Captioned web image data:
****************************************

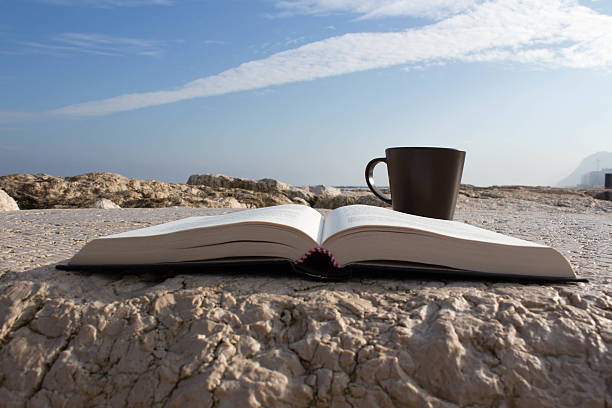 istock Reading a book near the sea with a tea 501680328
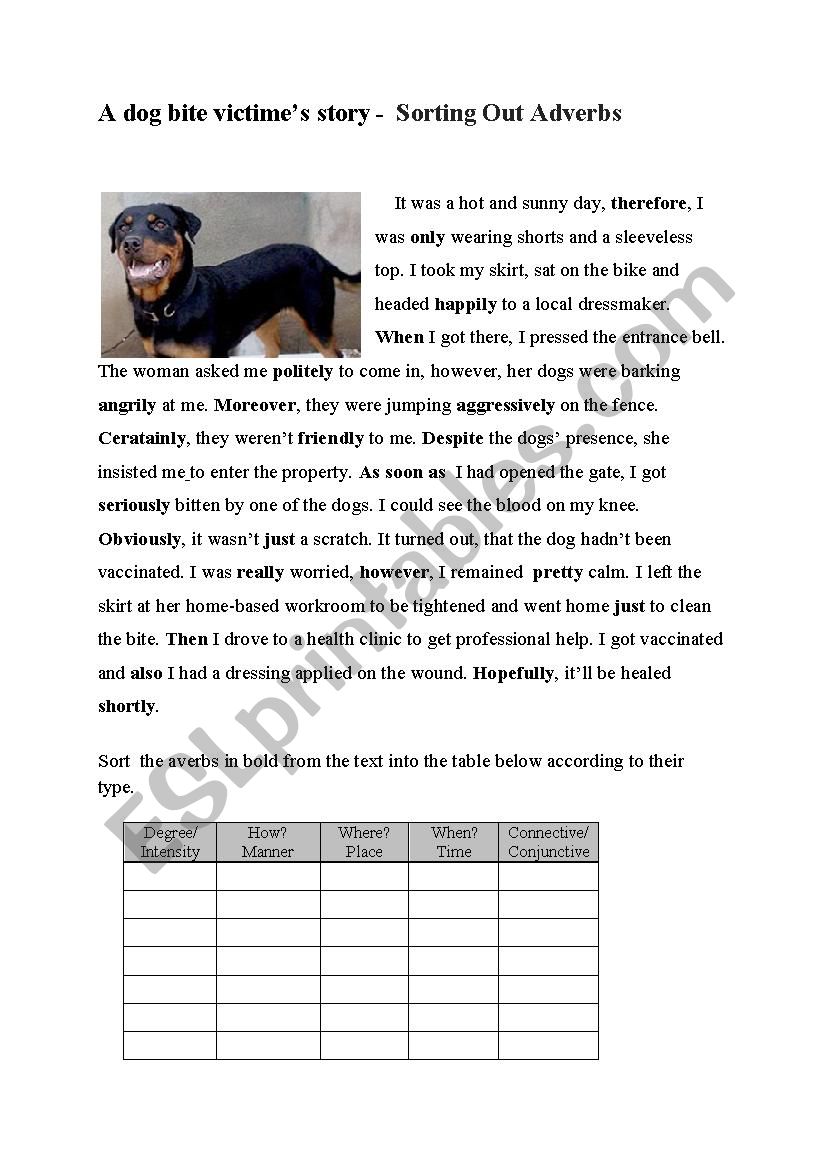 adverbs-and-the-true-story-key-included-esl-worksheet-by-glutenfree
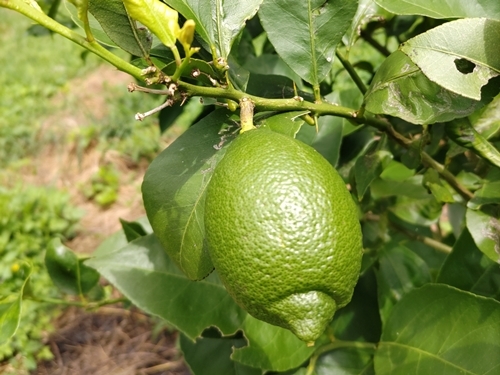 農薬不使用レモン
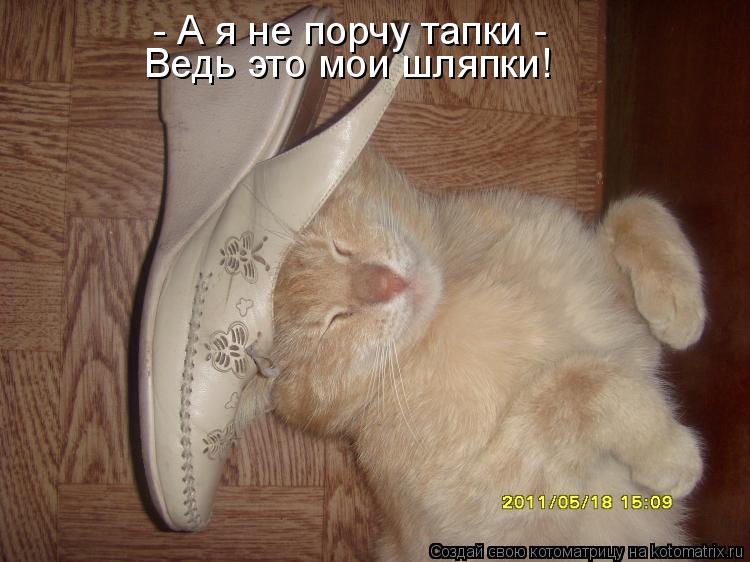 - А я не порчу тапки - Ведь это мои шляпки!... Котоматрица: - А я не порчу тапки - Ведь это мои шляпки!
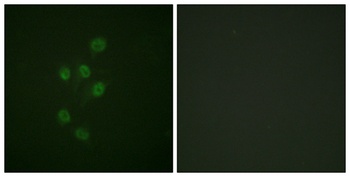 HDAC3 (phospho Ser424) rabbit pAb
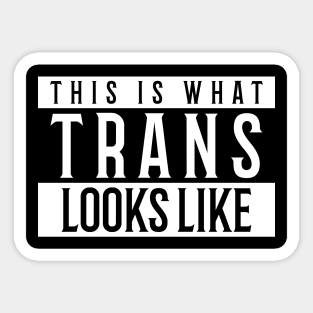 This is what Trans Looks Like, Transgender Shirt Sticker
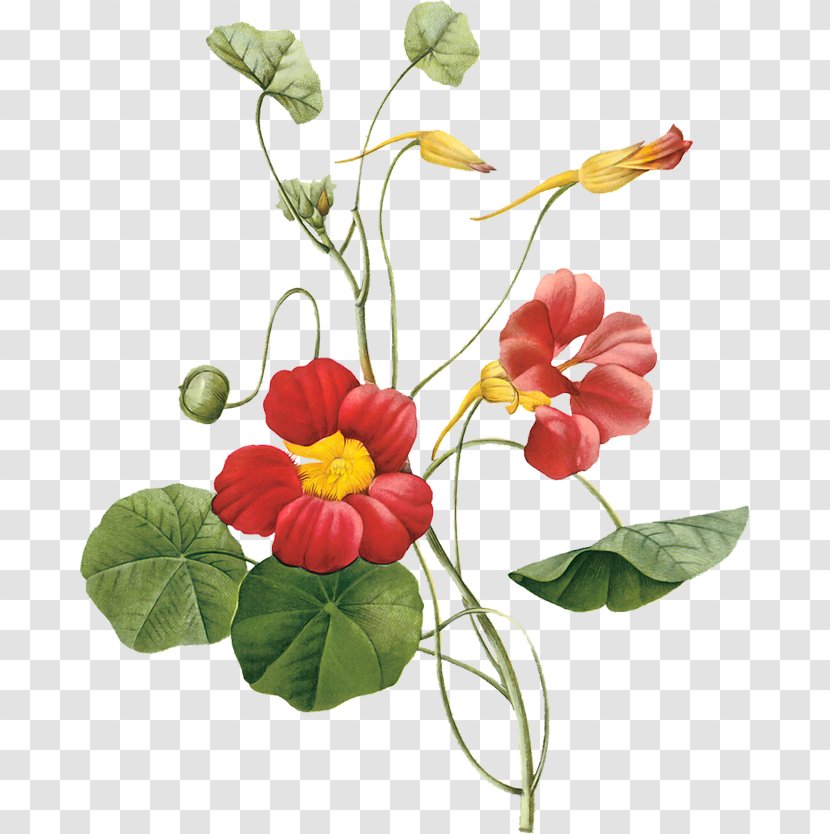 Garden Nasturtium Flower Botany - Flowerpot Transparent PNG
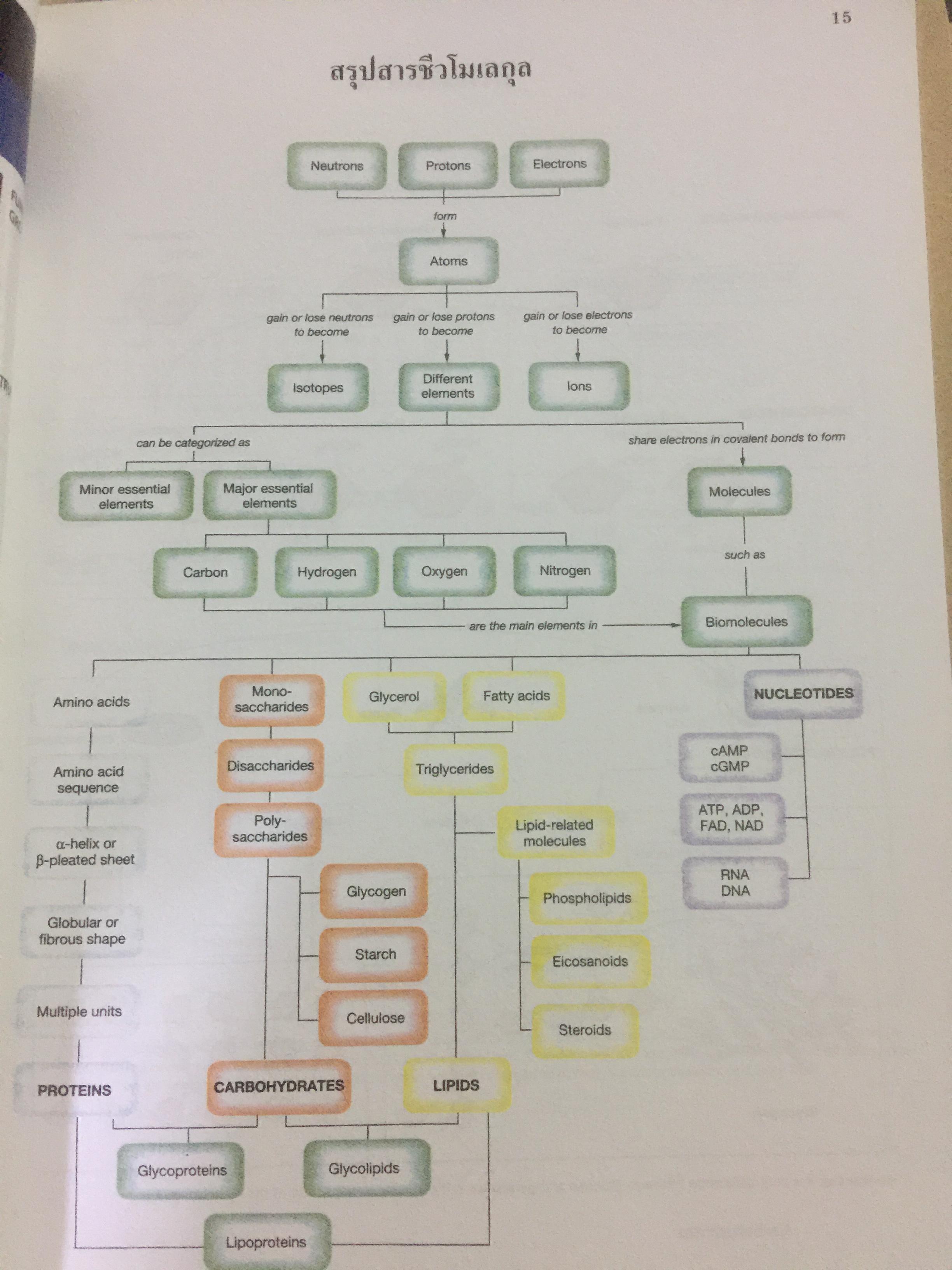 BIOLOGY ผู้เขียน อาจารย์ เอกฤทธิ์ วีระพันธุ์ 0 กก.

****************************************

• _Assignment_:
In the answer, repeat exactly the lines from the top of the entries above through the line with "HDAC3 (phospho Ser424) rabbit pAb", and leave pictures out of it.

• _Result of the exercise_:
 istock Reading a book near the sea with a tea 501680328
 adverbs-and-the-true-story-key-included-esl-worksheet-by-glutenfree
 農薬不使用レモン
 - А я не порчу тапки - Ведь это мои шляпки!... Котоматрица: - А я не порчу тапки - Ведь это мои шляпки!
 HDAC3 (phospho Ser424) rabbit pAb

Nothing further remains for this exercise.